== EXERCISE DATA ==
=== Begin Enclosure ===

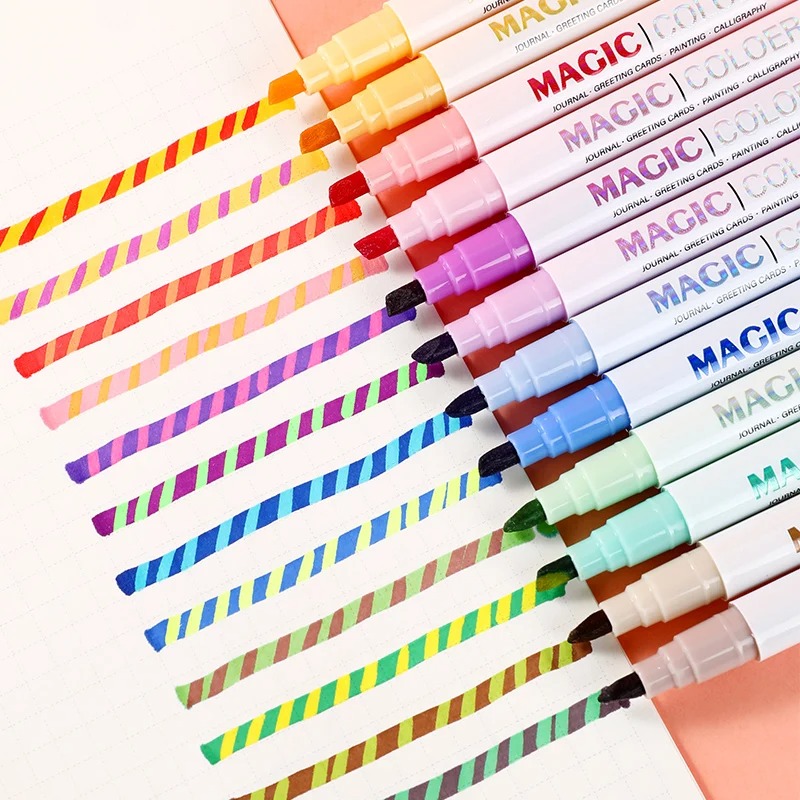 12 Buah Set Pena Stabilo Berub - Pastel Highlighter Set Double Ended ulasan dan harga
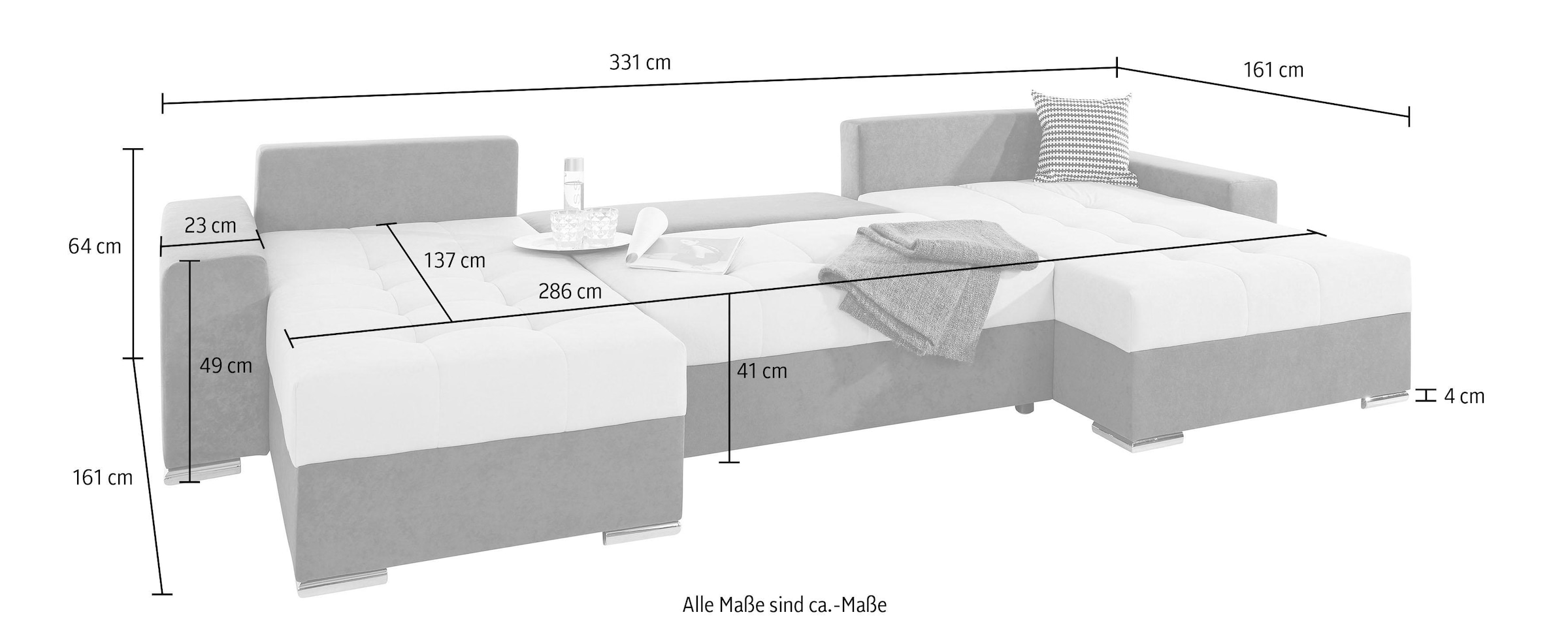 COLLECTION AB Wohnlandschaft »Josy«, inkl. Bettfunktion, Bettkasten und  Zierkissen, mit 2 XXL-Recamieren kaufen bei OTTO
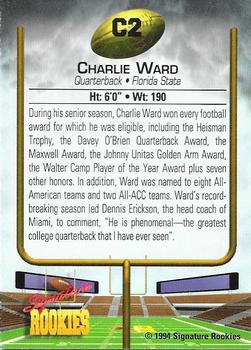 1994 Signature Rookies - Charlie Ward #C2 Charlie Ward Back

=== End Enclosure ===

== TASK DIRECTIONS ==
Skip the pictures, then retype every line above exactly.

== OUTPUT FOR THIS EXERCISE ==
 12 Buah Set Pena Stabilo Berub - Pastel Highlighter Set Double Ended ulasan dan harga
 COLLECTION AB Wohnlandschaft »Josy«, inkl. Bettfunktion, Bettkasten und  Zierkissen, mit 2 XXL-Recamieren kaufen bei OTTO
 1994 Signature Rookies - Charlie Ward #C2 Charlie Ward Back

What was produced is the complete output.